**Your objective**
Up to and including the line with "Tainehs Womens Sexy", restate every line of the records below word for word, from the first line on, leaving out the pictures.

##### The input #####

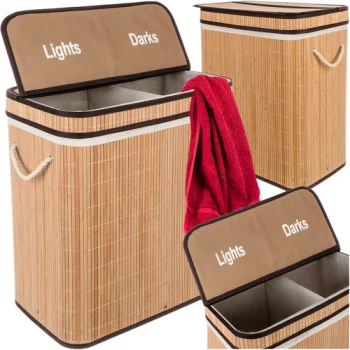 Ruhhy 24269 Dual Compartment Bamboo Laundry Basket, 100L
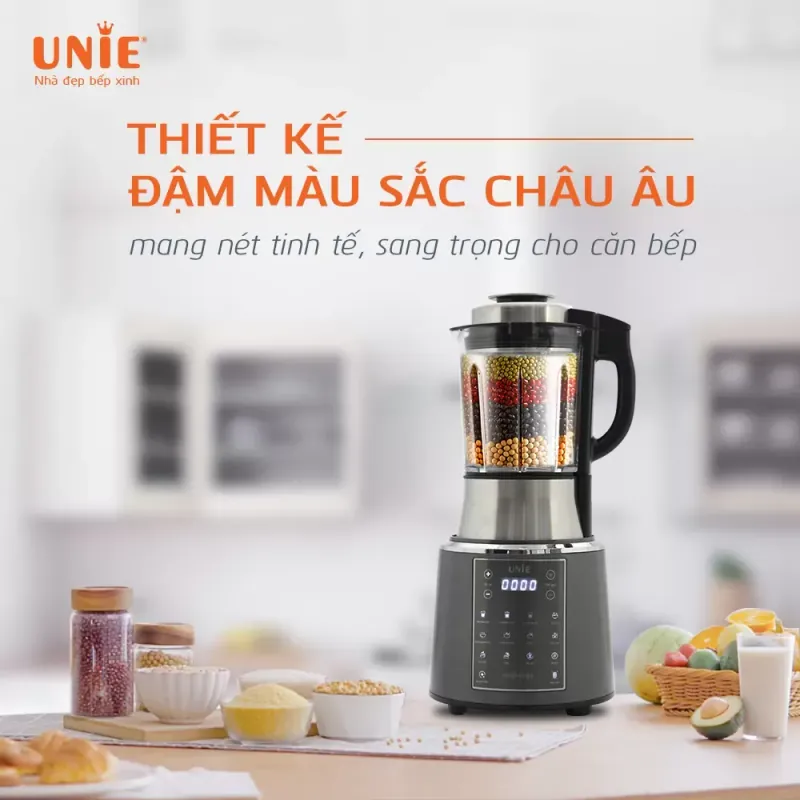 ⭐ Máy làm sữa hạt UNIE V6S – êm nhất thị trường, dung tích 1,75L, điều khiển 1 chạm! 715008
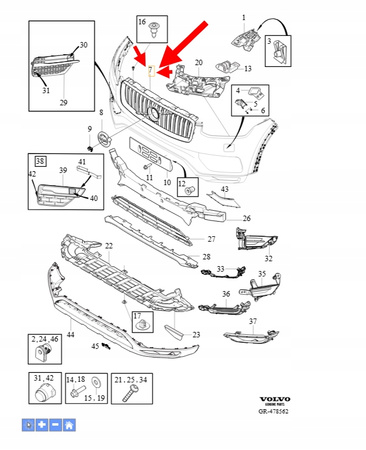GRILL ATRAPA ZDERZAKA PRZÓD VOLVO XC90 2016-2017 OEM/OE 31425930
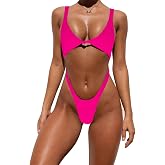 Tainehs Womens Sexy One Piece Bikini Swimsuits High Cut Cheeky Swimwear Thong Bottoms Bathing Swimsuits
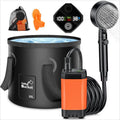 Portable Camping Shower with Rechargeable Pump - 6000mAh Outdoor Shower Kit W/ 20L Foldable Bag for Travel, Garden & Car Wash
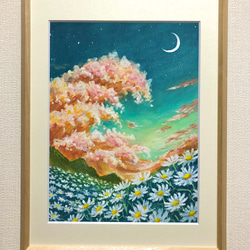 【花の嵐】　風景画　空の絵　原画　花の絵　壁掛け　額装 2枚目の画像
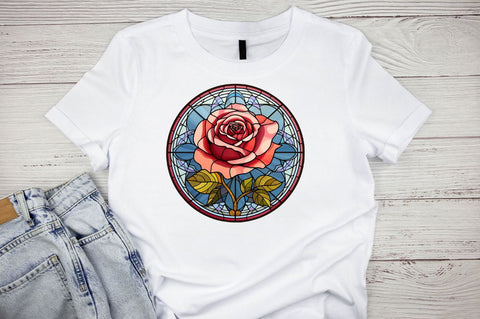 Stained Glass Rose Feild Art Bundle Sublimation Regulrcrative 
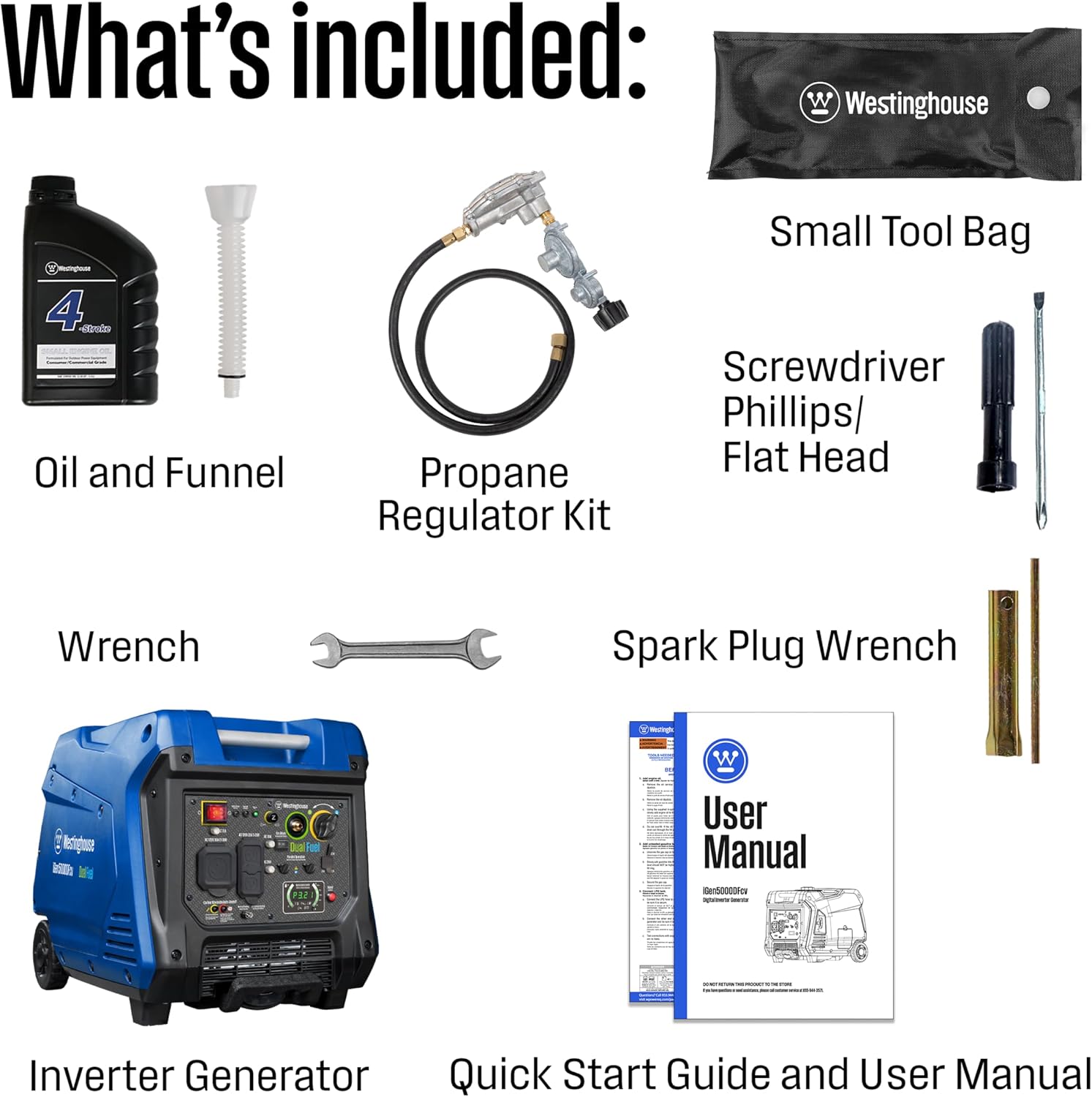 Westinghouse 5000 Peak Watt Super Quiet Dual Fuel Portable Inverter Generator, Wheel & Handle Kit, Gas & Propane Powered, RV Ready, CO Sensor, Parallel Capable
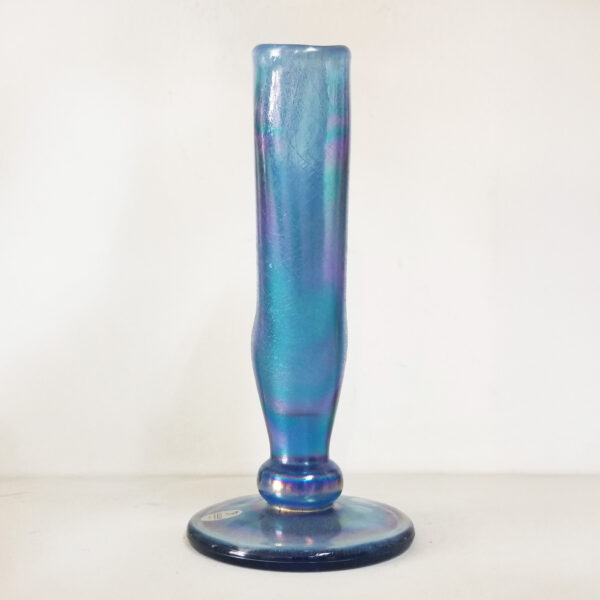 Fenton Art Glass Iridescent Fan Vase, USA, c. 1980s, side view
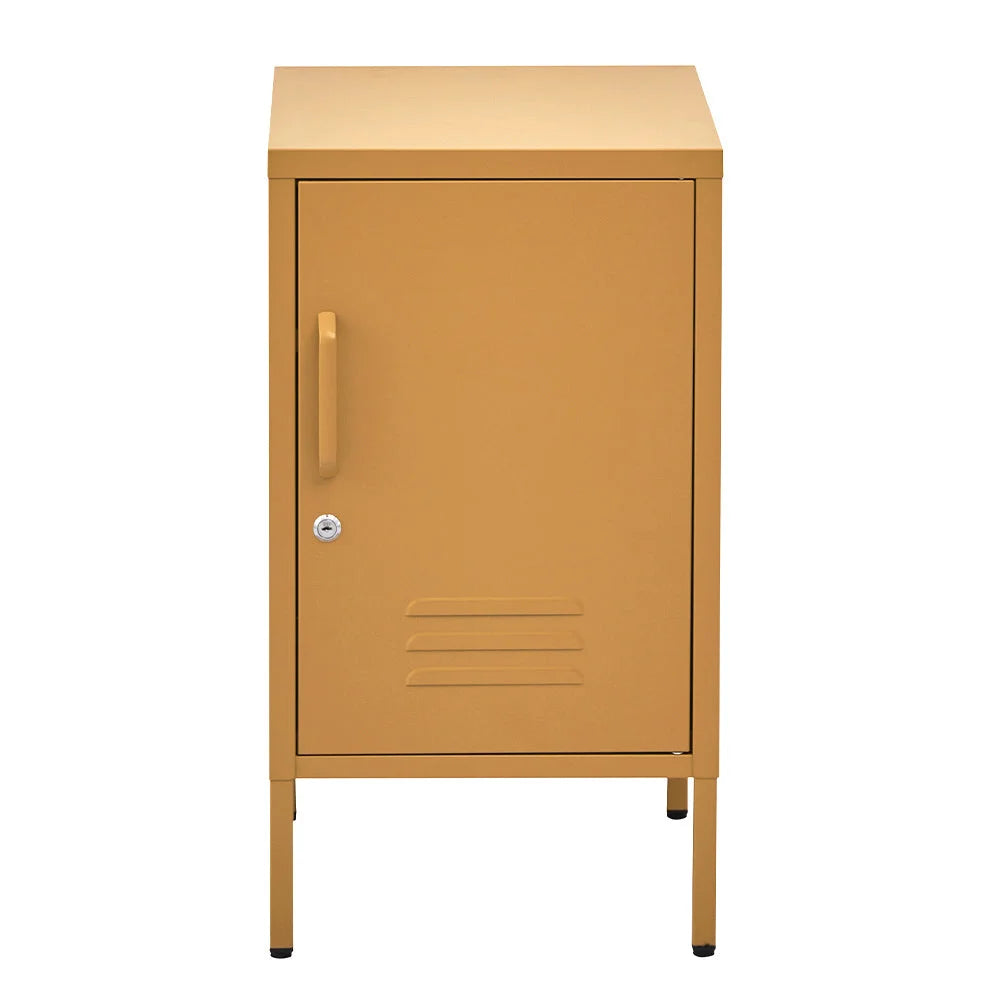 Mini Metal Locker Storage Shelf Organizer Cabinet - Yellow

#####

**Response to this task**
 Ruhhy 24269 Dual Compartment Bamboo Laundry Basket, 100L
 ⭐ Máy làm sữa hạt UNIE V6S – êm nhất thị trường, dung tích 1,75L, điều khiển 1 chạm! 715008
GRILL ATRAPA ZDERZAKA PRZÓD VOLVO XC90 2016-2017 OEM/OE 31425930
 Tainehs Womens Sexy One Piece Bikini Swimsuits High Cut Cheeky Swimwear Thong Bottoms Bathing Swimsuits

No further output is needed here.